The last days of August always make me remember my folks, Norman Busk and Evelyn Anderson Busk. My father’s birthday was August 21st and my mother’s August 31st. She was a little over two years older than he was.
According to family legend—as told by Grandpa Anderson–my father showed up at the house as a young buck courting my mother’s younger sister. Grandpa always insisted that he told him, “Norman, in this house we eat the old bread first,” causing my father to end up with my mother, Evie, as opposed to my Aunt Toots.
Because my mother didn’t want to be a “cradle robber,” she set their wedding date for August 24, 1936, three days after my father turned twenty and seven days before she turned twenty-two. That way there was only a year between them when they married, and he was no longer a teenager.

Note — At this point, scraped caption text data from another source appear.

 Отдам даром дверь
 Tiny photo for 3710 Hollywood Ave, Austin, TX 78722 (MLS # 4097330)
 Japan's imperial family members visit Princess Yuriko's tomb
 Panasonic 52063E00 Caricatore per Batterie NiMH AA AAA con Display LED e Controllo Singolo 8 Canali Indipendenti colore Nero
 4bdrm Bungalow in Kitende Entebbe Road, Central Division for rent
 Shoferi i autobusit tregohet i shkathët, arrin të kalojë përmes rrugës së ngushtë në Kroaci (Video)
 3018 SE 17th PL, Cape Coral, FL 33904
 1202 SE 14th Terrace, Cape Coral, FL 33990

It was a match made in heaven that lasted for sixty-eight years and seven kids and countless grandkids. They were steady, hard-working people with rock solid values and keen senses of humor. They loved jokes—a teaspoon with a hole in it in the sugar bowl; a half cup that really was a cup cut in half. If someone asked for only half a cup of coffee, that was the one my mother brought out.
My mother, a stay at home mom with only a seventh grade education, cooked three meals a day for nine people. She sewed most of my dresses. She washed clothes on Monday and ironed on Tuesday like clockwork. She canned peaches and apricots in the dead of summer in Arizona. She herded kids around and made sure we got to scouts and Pilgrim Fellowship and Sunday school and choir practice and little league. Once there were paper routes in the family, she oversaw those and made sure that the monies from that were properly handled. And, if one of us got out of line, there was none of this “wait ’til your father gets home” nonsense. She was perfectly capable of taking a fly swatter to the wrongdoer’s backside if the crime in question merited that kind of punishment.

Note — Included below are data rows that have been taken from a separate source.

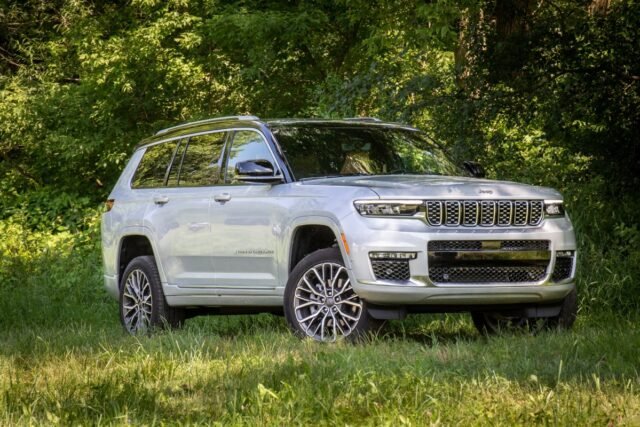 Stellantis mengingat lebih dari 121.000 jip grand cherokees, mencari tahu mengapa
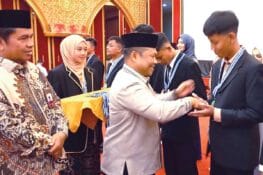 Dihadiri Kakan Kemenag H. Edy Oktafiandi, Acara Perpisahan Siswa MAN 1 Padang Berlangsung Meriah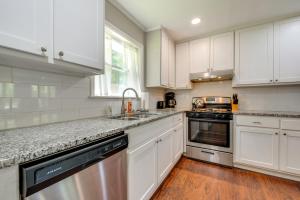 Inviting Home w Backyard: 8 Mi to Dtwn Atlanta!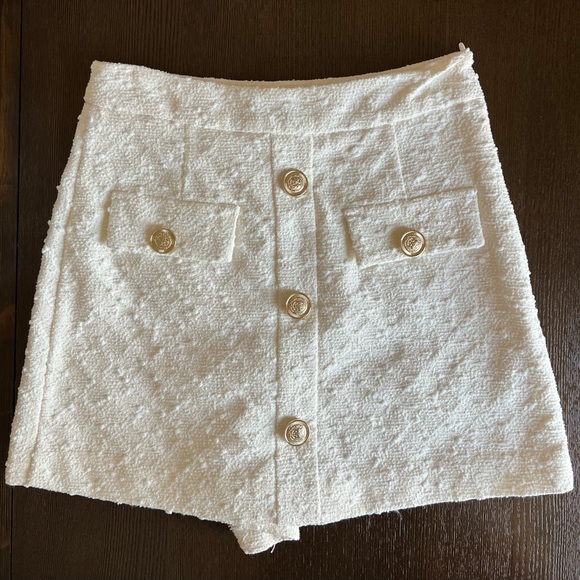 Zara Pants - Zara WHITE TWEED SKORT WITH GOLD BUTTONS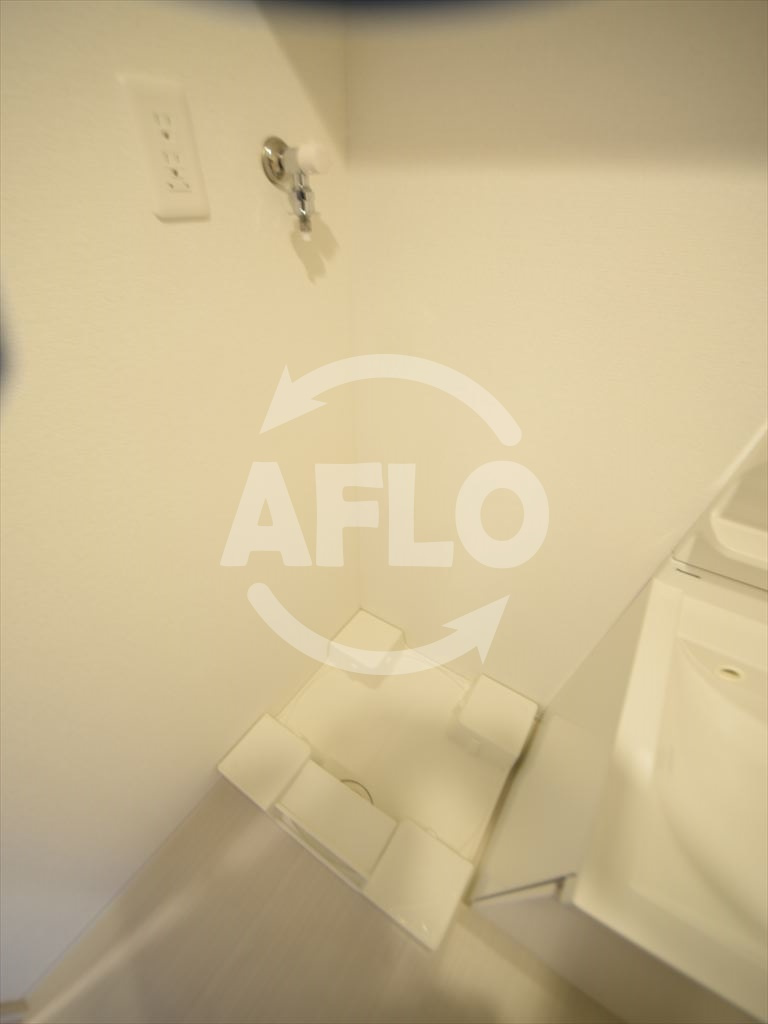 レオンコンフォート難波西Ⅲの洗面所|レオンコンフォート難波西Ⅲ　洗濯機置場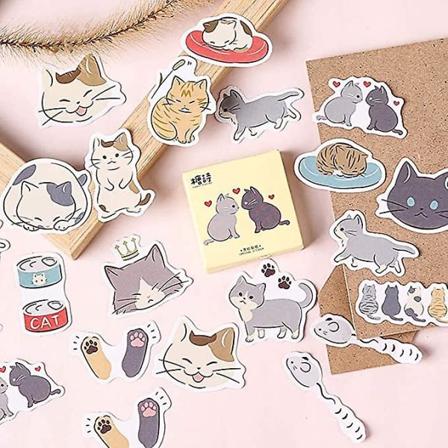 GHYT-kannettavan tietokoneen tarrat, 45 kpl laatikossa DIY-koristelu Super Cute Cats -tarrat kannettavalle tietokoneelle, suunnittelijoille, 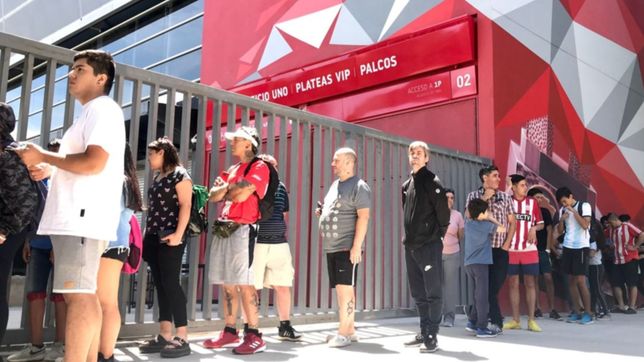 gran expectativa de los hinchas de estudiantes por la llegada de mascherano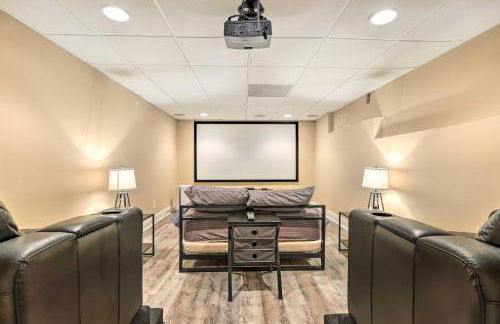 1,000-Sq-Ft Studio in Macon with Home Theater - Foto 3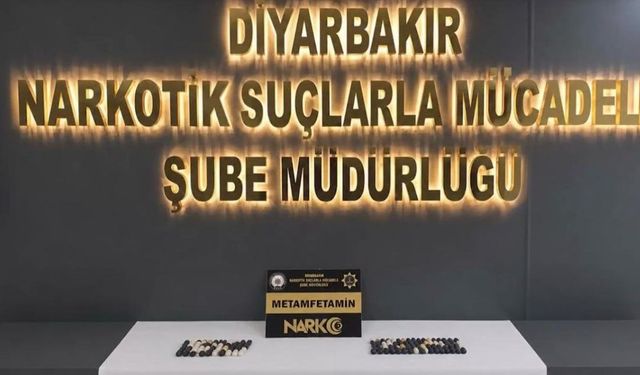 Midelerinde uyuşturucu taşıyan 2 kişi tutuklandı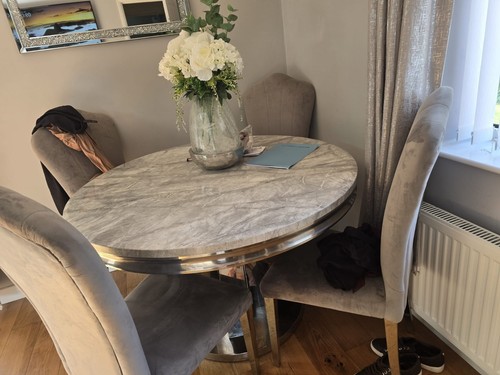 Seater round dining table - round,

My father worked—always—but we often teased him about not being able to hold a job. He started out as a farmer; taught school for a time; became an underground miner; drove truck; worked as a carpenter for Phelps Dodge above ground; started a construction company; started a cement business, and eventually—at age 40—found a permanent niche in the life insurance business.
He didn’t make a lot of money, but he and my mother were careful with what they had. They always paid cash for their cars and seldom bought new ones. They tackled home remodeling jobs together although Evie did lay down the law and announce that once she turned 75, she wasn’t doing roofing any more.
I remember growing up in a home filled with laughter and music. Believe me, Norman had a lot to do with the laughter and nothing at all to do with the music. We always said, “There are 88 keys on the piano, and Daddy sings in the cracks.” Evie, without ever having taken a music lesson, taught us to sing in three and four part harmony. She was also an encyclopedia of song lyrics, and we sang while we did dishes and housework and while we were crammed like sardines in hot cars driving back and forth to South Dakota to visit relatives during summer vacation: They Cut Down the Old Pine Tree; Ain’t We Crazy; Sweet Violets; In the Baggage Coach Ahead; Vive La Cookery Maid; There’s a Lonely Little Robin.
The occasion of my folks’ 65th wedding anniversary was the last one when we were all together before losing my younger brother, Jim. We sat around in a hotel party room and sang all those old songs. When we left, Bill turned to me and said, “How did you all learn to sing in harmony?” To which I replied, “Doesn’t everybody?”
As my parents aged, they had their challenges. My father had short term memory loss and couldn’t remember how to get home. My mother had macular degeneration and couldn’t drive, but she would tell him where to turn. Together they made it work.
Jim’s death at age fifty due to an undiagnosed heart ailment, was a loss from which my parents never fully recovered. His presence in town had allowed them to stay in their own home long after they would have had to call it quits. Once he was gone, they had to move to assisted living. When my father died of a stroke a few years after that, the light and laughter went out of my mother’s life as well. When she passed away, I couldn’t summon any tears because I knew that away was exactly where she wanted to be.
And so, at the end of August, I can’t help but remember those two wonderful people who put their shoulders to the wheel and their noses to the grindstone and did it together for close to seventy years.
Happy Birthdays. Happy Anniversary.
And for the record, I’m not releasing any helium balloons, fictional or otherwise.